◆ Exercise description: Below are entries with pictures in them. Output exactly the lines starting at the line with "A pair of marble" and ending at the line with "Young man sitting", both included, but not the pictures.

◆ Exercise data:
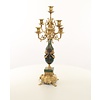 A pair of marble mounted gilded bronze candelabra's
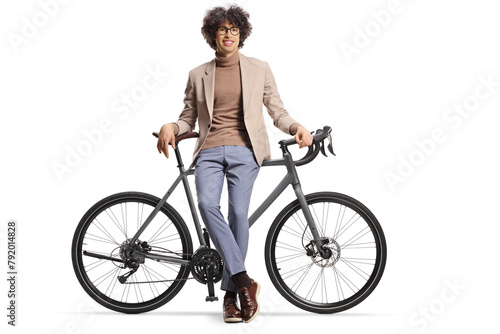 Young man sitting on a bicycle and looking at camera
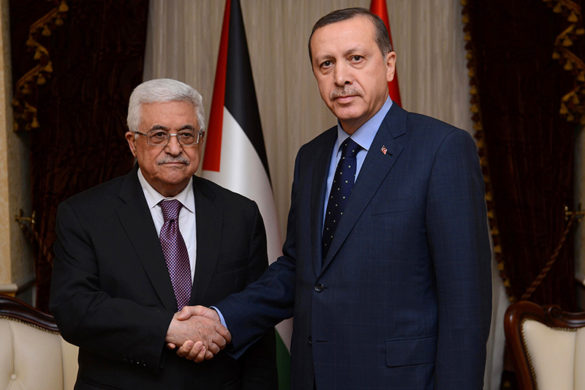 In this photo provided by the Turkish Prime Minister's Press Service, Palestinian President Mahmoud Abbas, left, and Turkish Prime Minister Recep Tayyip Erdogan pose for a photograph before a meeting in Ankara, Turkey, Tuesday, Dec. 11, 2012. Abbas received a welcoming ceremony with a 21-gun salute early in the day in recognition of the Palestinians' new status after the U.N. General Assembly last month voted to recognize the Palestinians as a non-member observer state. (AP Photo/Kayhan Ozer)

...

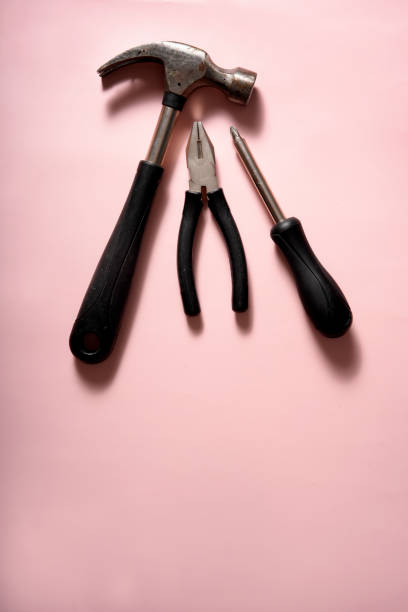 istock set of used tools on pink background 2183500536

◆ Completed exercise:
 A pair of marble mounted gilded bronze candelabra's
 Young man sitting on a bicycle and looking at camera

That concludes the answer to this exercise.